From Australia for the Heart of Borneo: WWF campaign



Posted on 19 December 2013  | 
How would the area of the Heart of Borneo, equal size to Victoria state on the Australian mainland, really have impact to the whole Australians? Are people aware that their daily consumption, such as lipstick, paper and home furniture may originate from the Borneo rainforest? Are they aware that their country’s foreign investment in Borneo may suffer the local people and the rainforest?
 
All these bring together a lot of background why WWF-Australia launched their public campaign for the Heart of Borneo Initiative, with a new Borneo section on the web (www.wwf.org.au/borneo) and Heart of Borneo Appeal (www.wwf.org.au/borneoappeal), aiming to promote orangutan conservation, sustainable forest management and sustainable community development in the Heart of Borneo area. 
 
“Our current strategic plan has identified six areas in which we would like to have the greatest impact in Australia and the Asia-Pacific region, we call it High Impact Initiatives. One of them is the Heart of Borneo,” said Paul Toni, National Manager – Science, Policy and Government Partnership of WWF-Australia. 
 
For many years WWF-Australia has been supporting the Heart of Borneo Initiative, and now it is becoming increasingly urgent to promote the conservation and sustainable development of the area for Australian public. Australian institutions, industries and consumers – through their consumer choice - have connections with and influence to Borneo. Borneo’s timber, palm oil, coal and mineral, are among important commodities for Australia.
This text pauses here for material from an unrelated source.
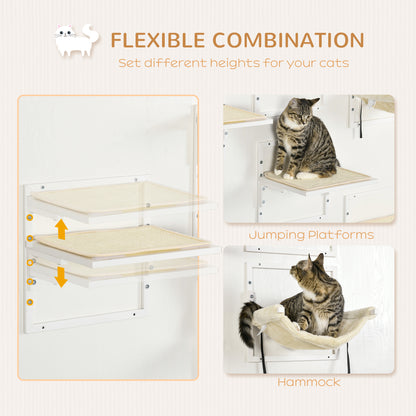 PawHut Cat Shelves for Indoor Cats, 6Pc Modern Cat Wall Furniture with Adjustable Height Jumping Platforms & Hammock, Cream White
A large of Australian mining companies and financial institutions have strong interests in the resources of Borneo. 
 
“We are working to support the HoB Initiative in the three ways: ensuring strong Australian Government investments in Borneo to facilitate climate adaptation and mitigation programs; ensuring Australian business and industry involvement in the region is sustainable; and supporting on-ground species recovery projects,” Paul added.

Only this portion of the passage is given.